◆ **Your assignment**
Using the entries that follow, write out the line containing "etapă a Superligii", the line containing "Cele mai notabile", and every line between them, exactly and nothing else.
*** Opening of Input data ***
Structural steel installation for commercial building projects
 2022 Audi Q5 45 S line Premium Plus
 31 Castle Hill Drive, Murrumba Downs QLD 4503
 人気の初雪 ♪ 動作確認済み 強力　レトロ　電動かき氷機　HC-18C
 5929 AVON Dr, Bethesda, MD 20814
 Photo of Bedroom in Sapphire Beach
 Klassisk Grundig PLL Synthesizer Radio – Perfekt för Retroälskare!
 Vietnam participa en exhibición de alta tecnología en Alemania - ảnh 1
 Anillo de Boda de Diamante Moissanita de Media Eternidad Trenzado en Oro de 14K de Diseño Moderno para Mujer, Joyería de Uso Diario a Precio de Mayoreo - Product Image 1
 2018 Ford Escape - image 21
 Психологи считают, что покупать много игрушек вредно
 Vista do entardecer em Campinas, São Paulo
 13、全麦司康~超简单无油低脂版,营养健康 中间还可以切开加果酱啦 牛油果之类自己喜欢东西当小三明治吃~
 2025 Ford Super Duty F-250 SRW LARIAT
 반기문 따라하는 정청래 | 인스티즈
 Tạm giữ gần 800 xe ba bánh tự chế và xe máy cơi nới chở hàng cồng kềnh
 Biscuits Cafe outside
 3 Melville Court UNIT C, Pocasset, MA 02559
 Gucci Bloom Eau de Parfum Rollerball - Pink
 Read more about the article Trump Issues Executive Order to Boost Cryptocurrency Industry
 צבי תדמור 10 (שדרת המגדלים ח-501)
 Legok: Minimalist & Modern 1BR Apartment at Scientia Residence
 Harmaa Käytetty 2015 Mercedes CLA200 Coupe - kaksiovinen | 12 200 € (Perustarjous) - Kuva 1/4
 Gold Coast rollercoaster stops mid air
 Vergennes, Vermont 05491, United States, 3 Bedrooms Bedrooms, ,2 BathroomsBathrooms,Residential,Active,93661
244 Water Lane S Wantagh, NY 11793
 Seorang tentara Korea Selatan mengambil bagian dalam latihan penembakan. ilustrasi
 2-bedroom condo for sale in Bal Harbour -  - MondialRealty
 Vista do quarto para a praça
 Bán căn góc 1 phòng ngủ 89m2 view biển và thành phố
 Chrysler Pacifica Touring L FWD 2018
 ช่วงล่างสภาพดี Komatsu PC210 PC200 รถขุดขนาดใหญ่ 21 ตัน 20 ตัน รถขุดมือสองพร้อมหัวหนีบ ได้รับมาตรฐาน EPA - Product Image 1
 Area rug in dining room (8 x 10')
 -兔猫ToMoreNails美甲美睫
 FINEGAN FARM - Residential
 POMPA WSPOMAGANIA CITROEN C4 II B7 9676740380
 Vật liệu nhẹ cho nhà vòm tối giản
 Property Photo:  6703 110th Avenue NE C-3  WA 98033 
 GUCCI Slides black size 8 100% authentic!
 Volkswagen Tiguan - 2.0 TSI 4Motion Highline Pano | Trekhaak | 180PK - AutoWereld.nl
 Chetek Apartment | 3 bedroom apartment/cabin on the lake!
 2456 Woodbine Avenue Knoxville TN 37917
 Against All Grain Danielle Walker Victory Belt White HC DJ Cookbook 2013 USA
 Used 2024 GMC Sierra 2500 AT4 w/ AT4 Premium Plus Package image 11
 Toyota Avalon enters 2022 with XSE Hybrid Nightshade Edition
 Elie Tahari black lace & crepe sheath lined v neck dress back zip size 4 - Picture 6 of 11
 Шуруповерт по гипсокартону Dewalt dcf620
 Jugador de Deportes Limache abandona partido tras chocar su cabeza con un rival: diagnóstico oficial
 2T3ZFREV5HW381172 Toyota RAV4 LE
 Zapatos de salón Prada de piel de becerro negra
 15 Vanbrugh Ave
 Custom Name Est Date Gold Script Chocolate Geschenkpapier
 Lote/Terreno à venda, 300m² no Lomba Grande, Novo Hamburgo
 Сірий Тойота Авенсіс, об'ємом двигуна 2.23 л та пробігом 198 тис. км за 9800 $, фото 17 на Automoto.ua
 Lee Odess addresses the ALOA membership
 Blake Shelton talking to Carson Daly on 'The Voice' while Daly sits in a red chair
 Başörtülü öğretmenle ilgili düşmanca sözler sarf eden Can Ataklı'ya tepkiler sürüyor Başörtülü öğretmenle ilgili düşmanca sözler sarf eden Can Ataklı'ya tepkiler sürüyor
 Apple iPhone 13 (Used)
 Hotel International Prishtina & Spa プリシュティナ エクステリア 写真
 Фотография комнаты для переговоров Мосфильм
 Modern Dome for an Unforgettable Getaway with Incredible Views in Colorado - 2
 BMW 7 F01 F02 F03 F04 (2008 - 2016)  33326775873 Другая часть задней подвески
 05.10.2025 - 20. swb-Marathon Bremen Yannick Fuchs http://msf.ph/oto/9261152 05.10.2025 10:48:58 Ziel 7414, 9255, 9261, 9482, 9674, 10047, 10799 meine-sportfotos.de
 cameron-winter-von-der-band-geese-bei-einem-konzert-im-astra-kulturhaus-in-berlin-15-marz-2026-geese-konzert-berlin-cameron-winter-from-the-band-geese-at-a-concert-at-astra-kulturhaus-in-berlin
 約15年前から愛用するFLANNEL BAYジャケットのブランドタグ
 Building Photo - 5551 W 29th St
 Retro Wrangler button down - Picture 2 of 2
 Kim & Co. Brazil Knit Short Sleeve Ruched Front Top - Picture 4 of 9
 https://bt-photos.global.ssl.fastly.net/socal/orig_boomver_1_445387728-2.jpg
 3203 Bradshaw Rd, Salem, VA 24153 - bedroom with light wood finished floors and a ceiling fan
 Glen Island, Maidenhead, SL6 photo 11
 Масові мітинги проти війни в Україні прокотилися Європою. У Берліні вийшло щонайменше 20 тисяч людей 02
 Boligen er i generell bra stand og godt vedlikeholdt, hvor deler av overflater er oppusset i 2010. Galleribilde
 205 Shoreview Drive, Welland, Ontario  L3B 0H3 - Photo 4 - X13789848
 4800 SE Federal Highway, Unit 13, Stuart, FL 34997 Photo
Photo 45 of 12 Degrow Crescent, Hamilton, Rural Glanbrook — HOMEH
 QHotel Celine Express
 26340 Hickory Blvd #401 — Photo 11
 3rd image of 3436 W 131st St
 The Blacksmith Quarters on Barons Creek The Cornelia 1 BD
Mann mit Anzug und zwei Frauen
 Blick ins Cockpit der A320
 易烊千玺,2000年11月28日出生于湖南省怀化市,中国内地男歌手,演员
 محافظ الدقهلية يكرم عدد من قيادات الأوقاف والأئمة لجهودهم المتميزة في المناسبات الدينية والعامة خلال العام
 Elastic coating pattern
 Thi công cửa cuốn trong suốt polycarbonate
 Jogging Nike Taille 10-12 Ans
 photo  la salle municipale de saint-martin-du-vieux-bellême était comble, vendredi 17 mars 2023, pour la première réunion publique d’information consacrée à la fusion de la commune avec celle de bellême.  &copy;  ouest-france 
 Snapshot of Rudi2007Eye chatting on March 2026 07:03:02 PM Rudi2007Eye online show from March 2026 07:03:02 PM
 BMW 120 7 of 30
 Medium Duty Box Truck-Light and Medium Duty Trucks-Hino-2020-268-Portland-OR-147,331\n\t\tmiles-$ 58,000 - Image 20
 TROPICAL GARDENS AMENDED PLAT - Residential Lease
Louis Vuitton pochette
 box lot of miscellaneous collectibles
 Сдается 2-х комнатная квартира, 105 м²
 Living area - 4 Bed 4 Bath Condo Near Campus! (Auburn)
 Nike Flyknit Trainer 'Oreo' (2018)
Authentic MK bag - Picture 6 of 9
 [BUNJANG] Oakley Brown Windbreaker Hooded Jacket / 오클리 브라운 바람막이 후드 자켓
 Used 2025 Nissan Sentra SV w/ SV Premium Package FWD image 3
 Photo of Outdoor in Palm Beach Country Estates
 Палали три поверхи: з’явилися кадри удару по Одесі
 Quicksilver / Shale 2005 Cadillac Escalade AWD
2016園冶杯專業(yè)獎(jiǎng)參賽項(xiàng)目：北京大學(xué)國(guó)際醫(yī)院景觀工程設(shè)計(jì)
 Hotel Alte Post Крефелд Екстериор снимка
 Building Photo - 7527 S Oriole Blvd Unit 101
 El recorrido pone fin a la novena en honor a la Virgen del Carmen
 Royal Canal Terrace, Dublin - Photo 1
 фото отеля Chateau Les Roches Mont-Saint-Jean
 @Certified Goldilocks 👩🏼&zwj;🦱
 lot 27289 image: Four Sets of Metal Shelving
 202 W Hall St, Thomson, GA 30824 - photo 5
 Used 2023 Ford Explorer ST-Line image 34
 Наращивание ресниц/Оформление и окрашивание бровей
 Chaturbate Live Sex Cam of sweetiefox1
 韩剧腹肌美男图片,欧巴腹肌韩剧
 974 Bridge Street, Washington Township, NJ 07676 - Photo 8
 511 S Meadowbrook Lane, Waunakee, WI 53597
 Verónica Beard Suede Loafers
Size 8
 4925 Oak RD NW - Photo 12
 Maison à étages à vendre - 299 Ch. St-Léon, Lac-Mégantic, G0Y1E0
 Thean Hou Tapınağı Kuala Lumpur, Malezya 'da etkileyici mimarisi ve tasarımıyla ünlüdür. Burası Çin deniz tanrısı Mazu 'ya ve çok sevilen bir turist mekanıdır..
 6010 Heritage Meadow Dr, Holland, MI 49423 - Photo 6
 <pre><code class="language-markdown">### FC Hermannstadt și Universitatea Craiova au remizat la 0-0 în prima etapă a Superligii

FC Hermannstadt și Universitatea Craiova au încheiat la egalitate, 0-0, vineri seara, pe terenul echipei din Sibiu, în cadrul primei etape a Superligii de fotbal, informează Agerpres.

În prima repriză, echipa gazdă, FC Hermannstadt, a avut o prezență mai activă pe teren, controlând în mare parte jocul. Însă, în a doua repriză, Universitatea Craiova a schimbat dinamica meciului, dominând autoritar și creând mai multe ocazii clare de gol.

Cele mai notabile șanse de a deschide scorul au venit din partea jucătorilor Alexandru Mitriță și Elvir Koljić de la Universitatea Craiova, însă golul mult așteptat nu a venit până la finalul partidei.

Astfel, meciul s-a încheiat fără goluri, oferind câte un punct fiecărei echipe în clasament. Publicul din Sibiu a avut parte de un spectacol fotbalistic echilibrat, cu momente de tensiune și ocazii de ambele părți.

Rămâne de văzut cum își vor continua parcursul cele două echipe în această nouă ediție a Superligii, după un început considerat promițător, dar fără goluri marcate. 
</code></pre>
*** Close of Input data ***
◆ **Result**
 <pre><code class="language-markdown">### FC Hermannstadt și Universitatea Craiova au remizat la 0-0 în prima etapă a Superligii

FC Hermannstadt și Universitatea Craiova au încheiat la egalitate, 0-0, vineri seara, pe terenul echipei din Sibiu, în cadrul primei etape a Superligii de fotbal, informează Agerpres.

În prima repriză, echipa gazdă, FC Hermannstadt, a avut o prezență mai activă pe teren, controlând în mare parte jocul. Însă, în a doua repriză, Universitatea Craiova a schimbat dinamica meciului, dominând autoritar și creând mai multe ocazii clare de gol.

Cele mai notabile șanse de a deschide scorul au venit din partea jucătorilor Alexandru Mitriță și Elvir Koljić de la Universitatea Craiova, însă golul mult așteptat nu a venit până la finalul partidei.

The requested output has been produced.